◆ **HOW TO COMPLETE THIS TASK**: Copy, word for word, the lines of the listing below from the line with "Applique Sleeveless Wedding" up to and including the line with "Retro10 Uruguayan Football". Drop the pictures.

◆ **AVAILABLE DATA**:
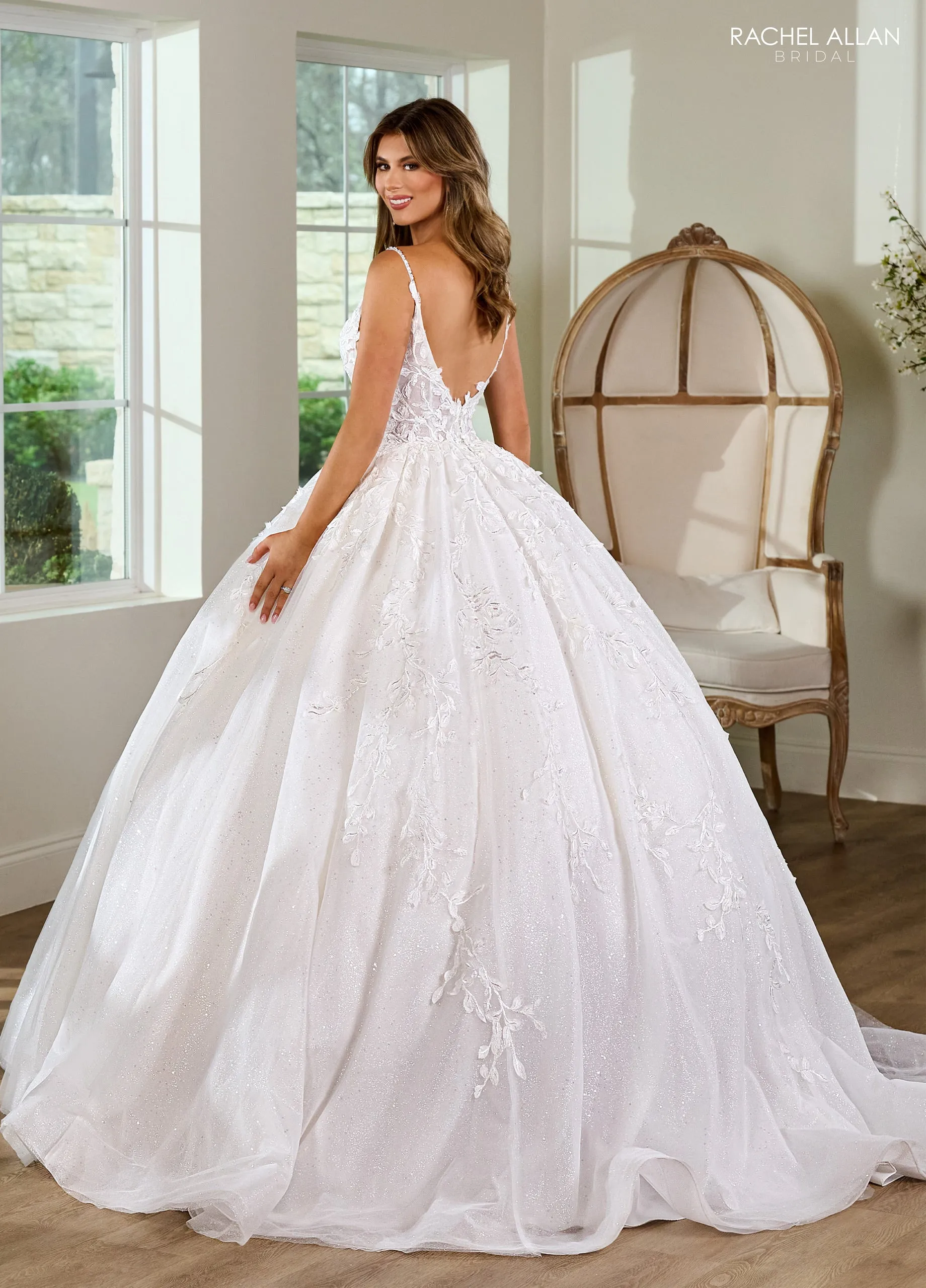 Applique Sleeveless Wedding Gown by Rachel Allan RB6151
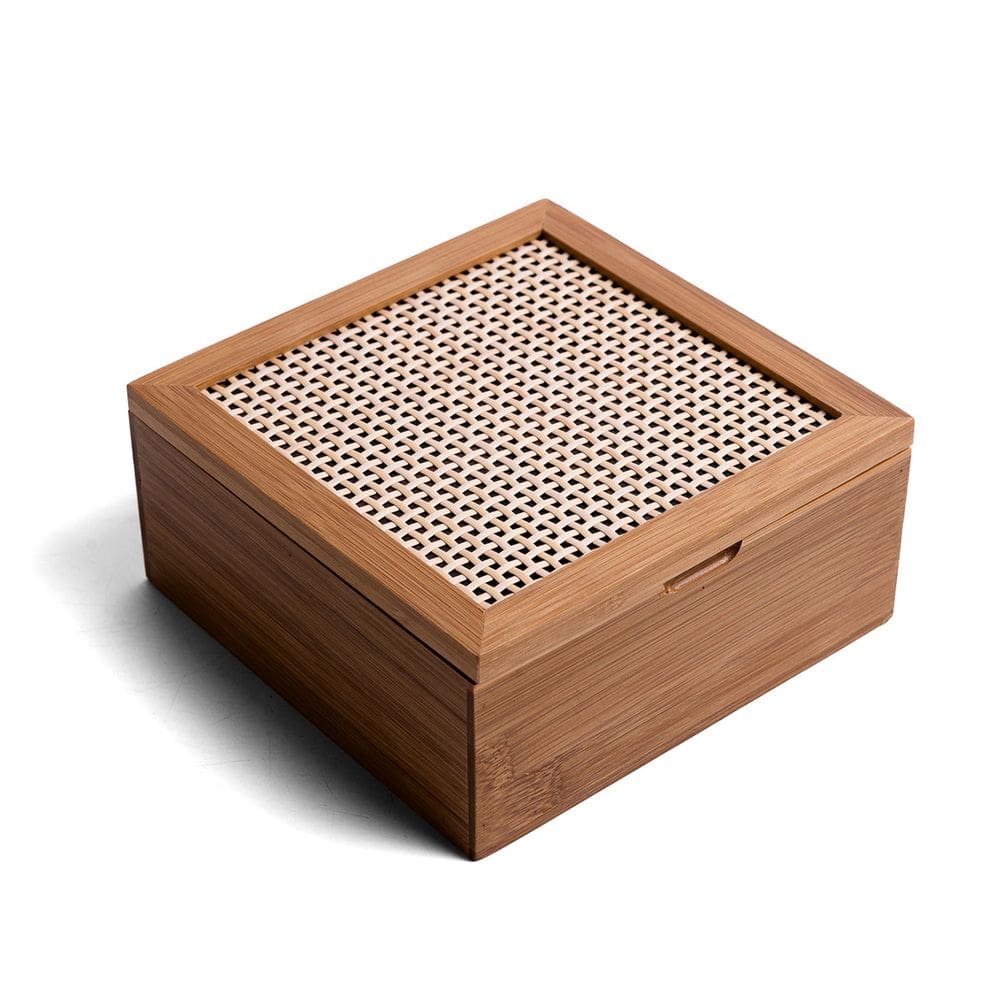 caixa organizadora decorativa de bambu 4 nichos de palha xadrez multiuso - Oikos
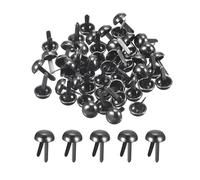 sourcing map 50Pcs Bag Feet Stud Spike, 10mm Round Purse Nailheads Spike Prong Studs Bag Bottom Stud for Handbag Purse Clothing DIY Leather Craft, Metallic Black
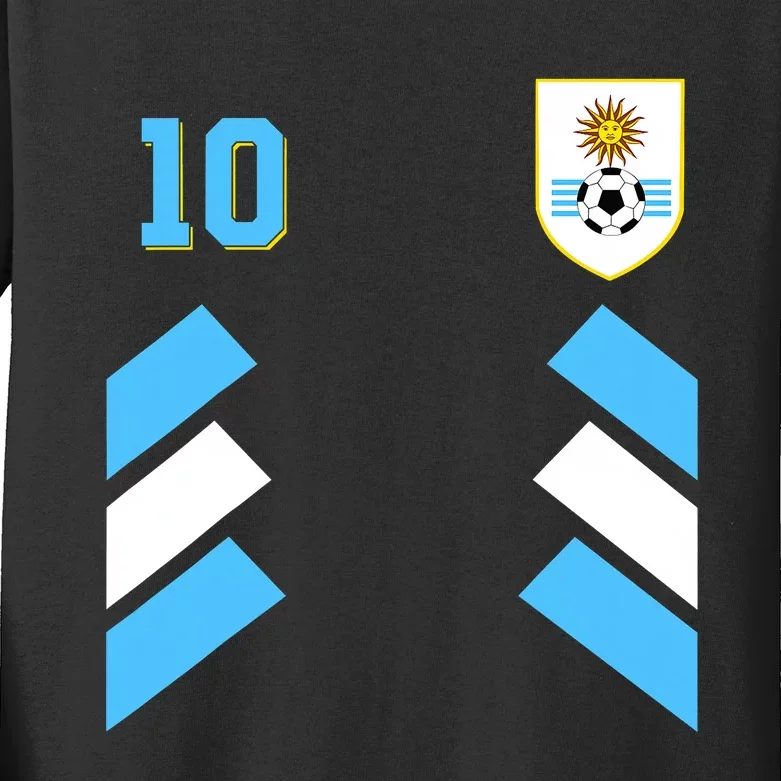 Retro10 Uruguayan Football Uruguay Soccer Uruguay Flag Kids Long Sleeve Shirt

---

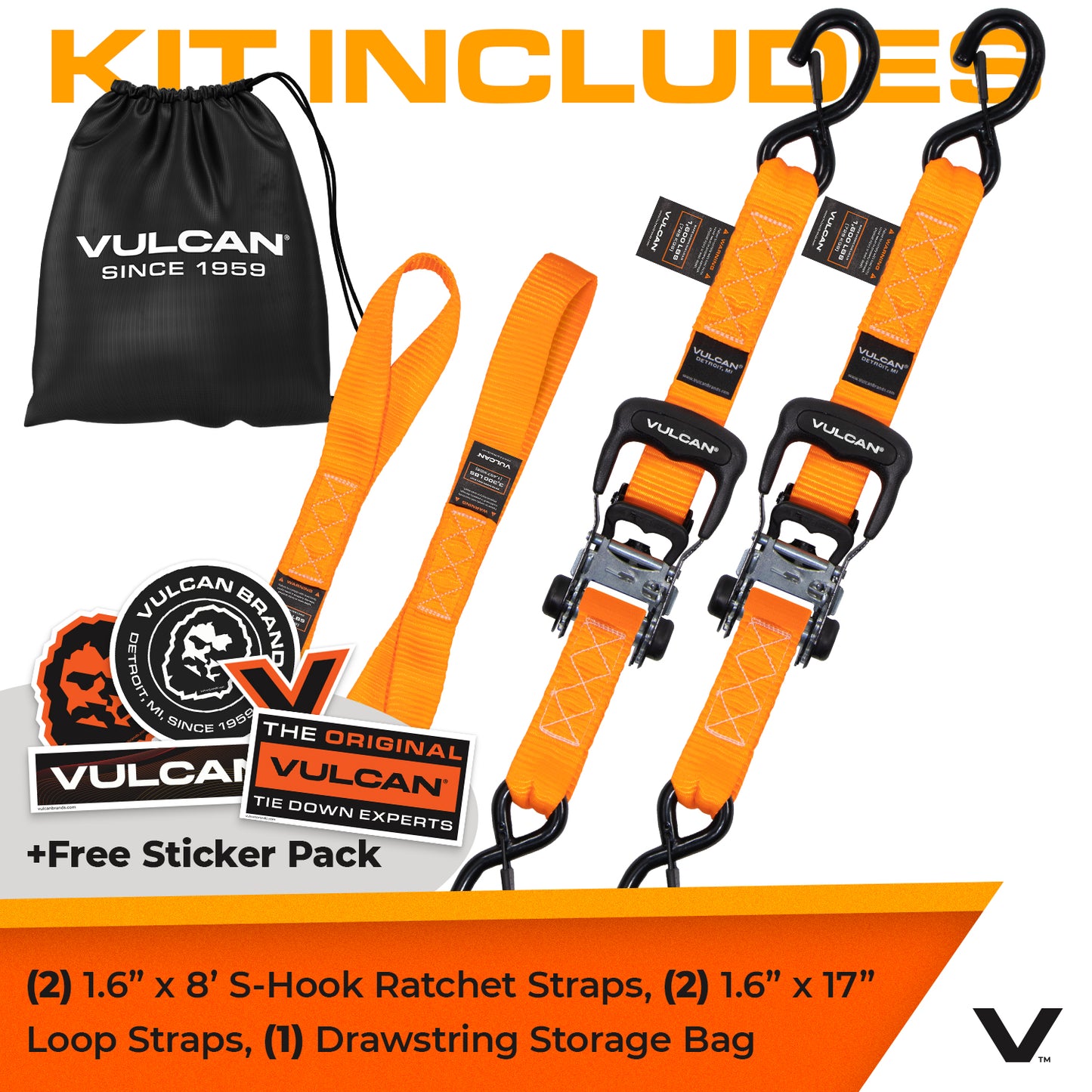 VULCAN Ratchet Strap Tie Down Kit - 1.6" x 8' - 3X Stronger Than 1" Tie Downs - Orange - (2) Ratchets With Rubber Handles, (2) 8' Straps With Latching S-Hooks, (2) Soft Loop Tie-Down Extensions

==

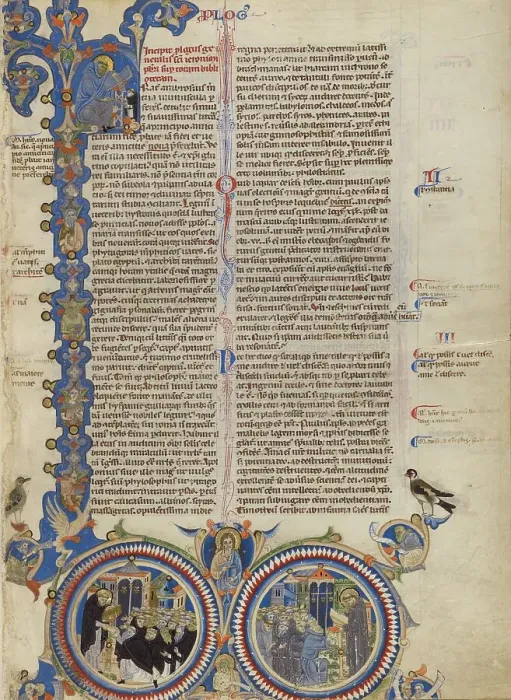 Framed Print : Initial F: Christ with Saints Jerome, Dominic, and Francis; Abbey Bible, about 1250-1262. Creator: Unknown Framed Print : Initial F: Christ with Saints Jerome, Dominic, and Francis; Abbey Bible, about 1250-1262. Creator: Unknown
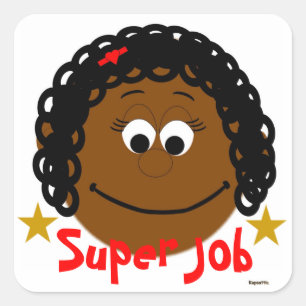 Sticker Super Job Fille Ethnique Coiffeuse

◆ **REPLY**:
 Applique Sleeveless Wedding Gown by Rachel Allan RB6151
 caixa organizadora decorativa de bambu 4 nichos de palha xadrez multiuso - Oikos
 sourcing map 50Pcs Bag Feet Stud Spike, 10mm Round Purse Nailheads Spike Prong Studs Bag Bottom Stud for Handbag Purse Clothing DIY Leather Craft, Metallic Black
 Retro10 Uruguayan Football Uruguay Soccer Uruguay Flag Kids Long Sleeve Shirt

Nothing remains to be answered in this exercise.